• **Requirement**:
From the line that contains "this 400×300 image." through the end of the records below, write out each line exactly as it appears, but not the pictures.

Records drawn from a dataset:
%%
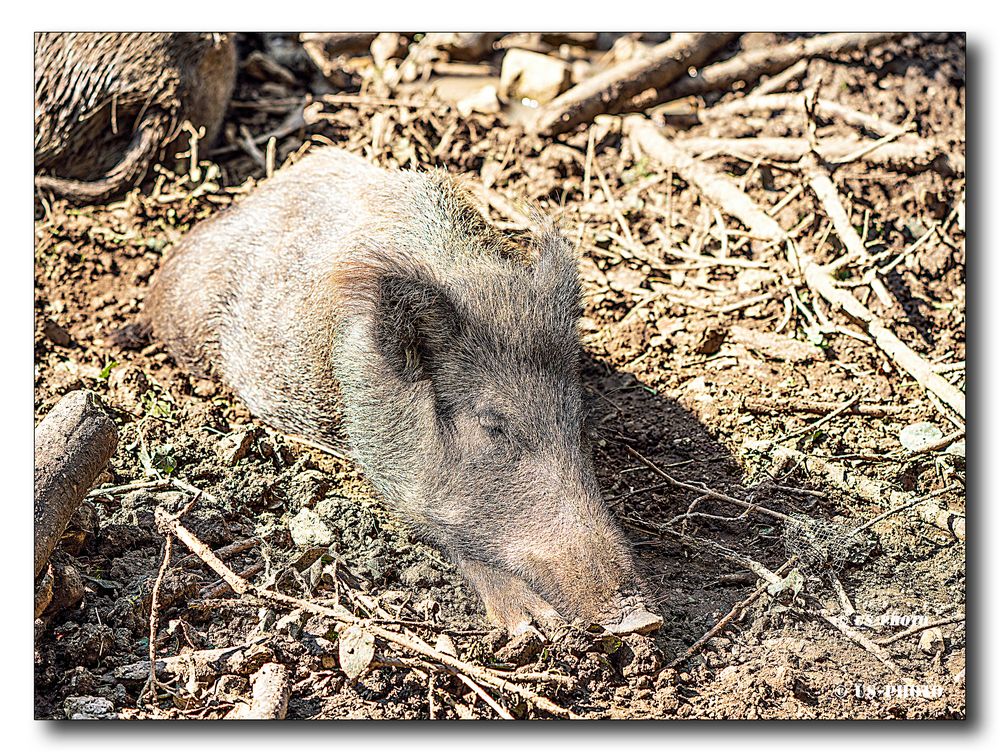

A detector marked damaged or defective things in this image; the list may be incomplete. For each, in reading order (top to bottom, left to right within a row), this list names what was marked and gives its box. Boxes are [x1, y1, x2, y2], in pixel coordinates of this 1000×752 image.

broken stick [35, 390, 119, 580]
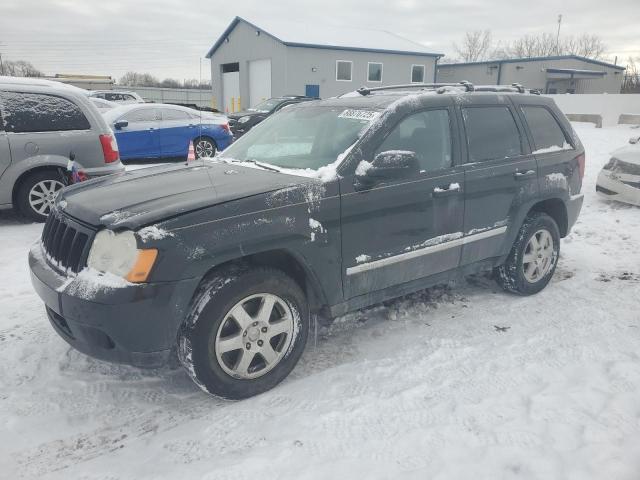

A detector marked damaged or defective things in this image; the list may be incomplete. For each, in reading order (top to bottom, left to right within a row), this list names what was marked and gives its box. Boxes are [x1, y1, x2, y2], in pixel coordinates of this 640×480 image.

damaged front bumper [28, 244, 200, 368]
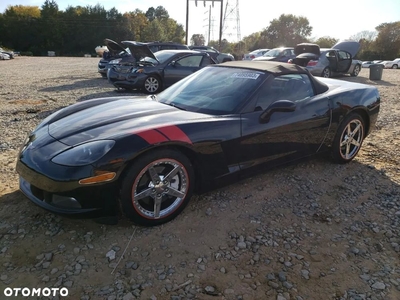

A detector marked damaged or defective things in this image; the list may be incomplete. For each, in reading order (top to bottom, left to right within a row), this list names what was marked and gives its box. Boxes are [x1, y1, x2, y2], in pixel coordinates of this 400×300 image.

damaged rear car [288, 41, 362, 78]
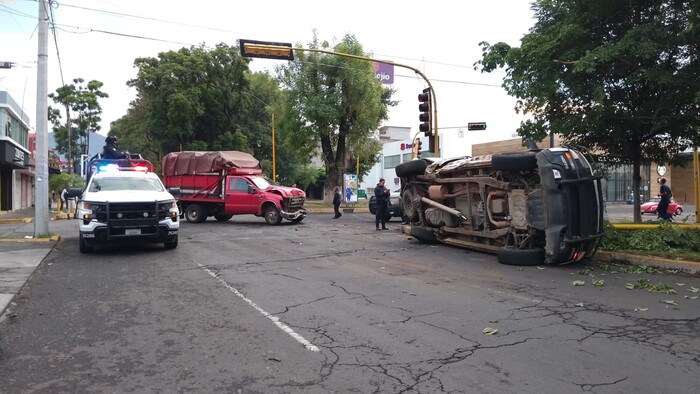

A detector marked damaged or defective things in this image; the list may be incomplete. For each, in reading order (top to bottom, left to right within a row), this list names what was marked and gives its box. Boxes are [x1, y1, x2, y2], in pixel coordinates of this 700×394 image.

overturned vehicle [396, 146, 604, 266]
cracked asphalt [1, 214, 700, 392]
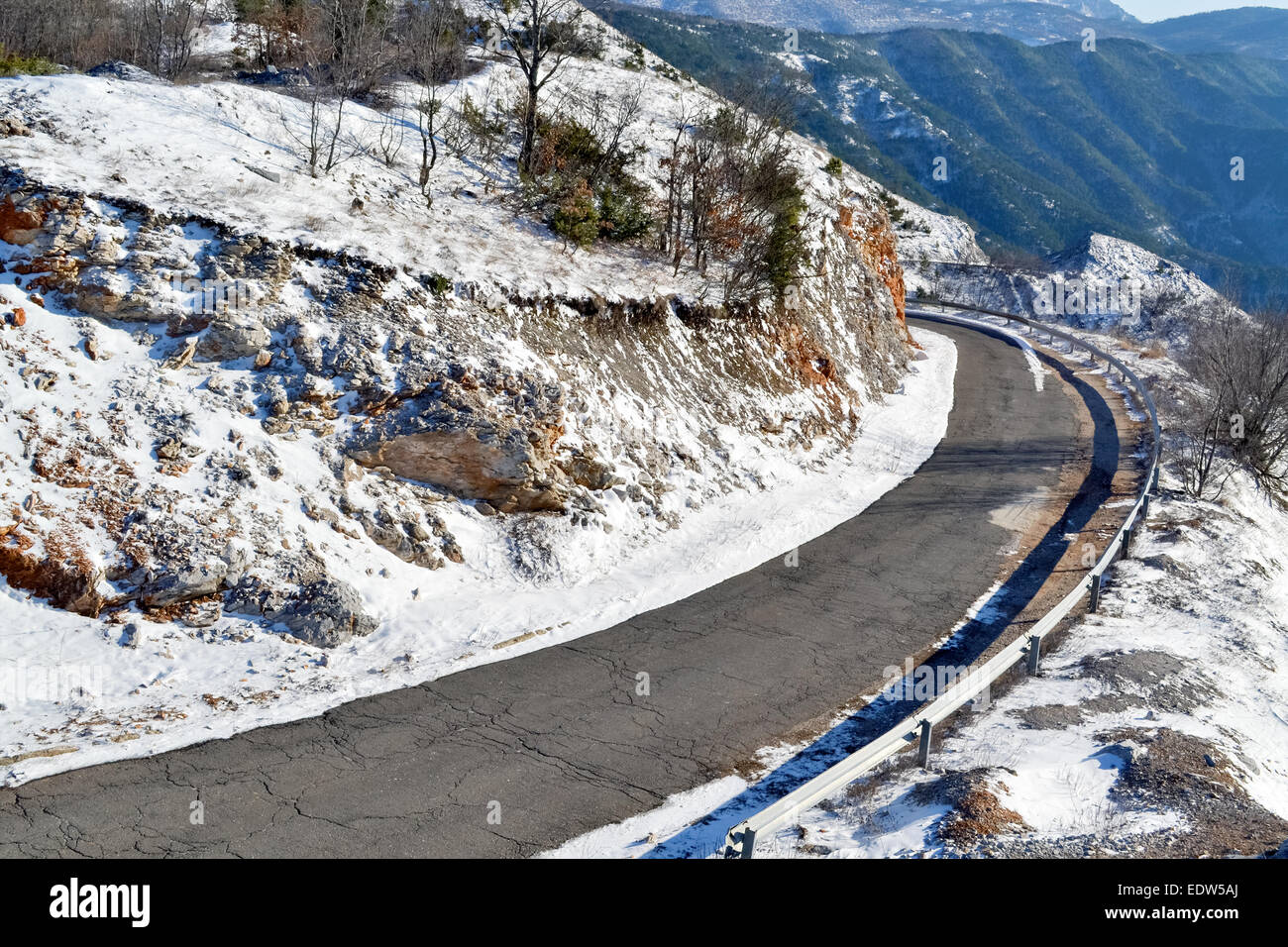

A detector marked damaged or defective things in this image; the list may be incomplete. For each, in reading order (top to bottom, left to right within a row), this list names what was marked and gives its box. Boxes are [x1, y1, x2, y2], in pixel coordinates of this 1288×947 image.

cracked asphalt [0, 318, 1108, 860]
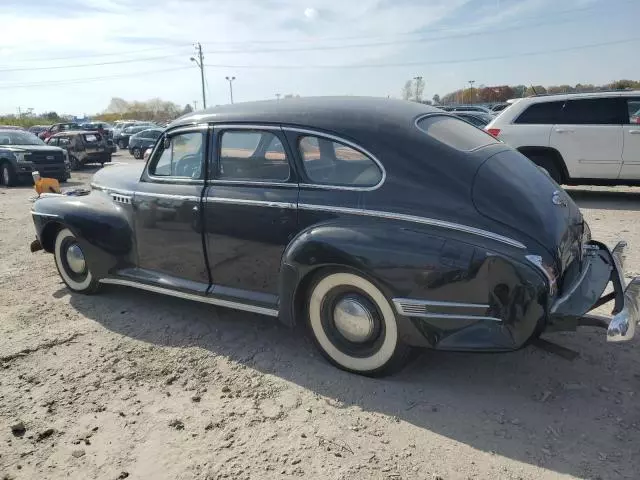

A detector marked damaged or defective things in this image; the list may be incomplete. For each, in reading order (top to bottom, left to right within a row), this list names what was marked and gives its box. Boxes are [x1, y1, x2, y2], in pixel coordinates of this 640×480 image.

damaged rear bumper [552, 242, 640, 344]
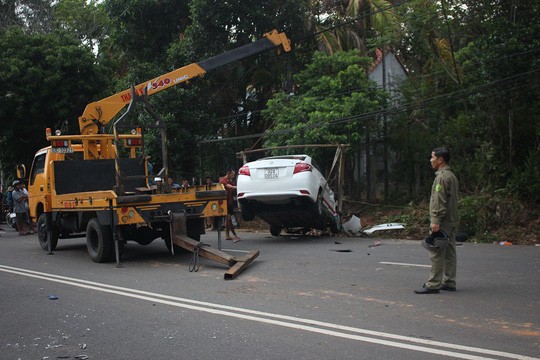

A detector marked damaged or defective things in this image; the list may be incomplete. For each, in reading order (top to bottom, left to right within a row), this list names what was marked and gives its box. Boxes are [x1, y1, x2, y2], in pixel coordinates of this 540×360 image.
%%
• **Result of the task**:
A detector marked damaged or defective things in this image; the list may be incomplete. For each, in reading order (top to bottom, left to right within a row), this list names what was marked and gives its box. Boxes are [x1, y1, x2, y2], in pixel coordinates of this 400×300 image.

damaged rear car [288, 41, 362, 78]

A detector marked damaged or defective things in this image; the list may be incomplete. For each, in reading order (top to bottom, left to right within a row), this list names what was marked and gives its box. Boxes are [x1, y1, x2, y2], in pixel coordinates of this 700×394 image.

overturned vehicle [396, 146, 604, 266]
cracked asphalt [1, 214, 700, 392]

A detector marked damaged or defective things in this image; the list may be incomplete. For each, in reading order (top to bottom, left to right within a row), this list names what was marked and gives its box. Boxes are [x1, y1, x2, y2], in pixel coordinates of this 1288×947 image.

cracked asphalt [0, 318, 1108, 860]

A detector marked damaged or defective things in this image; the list may be incomplete. For each, in reading order (top to bottom, left to right within a row), this list names what was marked and gives its box. Boxes are [x1, y1, x2, y2], in pixel coordinates of this 640×480 image.

damaged rear bumper [552, 242, 640, 344]

A detector marked damaged or defective things in this image; the list may be incomplete. For each, in reading order (top to bottom, left to right within a row), this list names what was marked and gives its box. Boxes are [x1, y1, x2, y2], in pixel coordinates of this 540×360 image.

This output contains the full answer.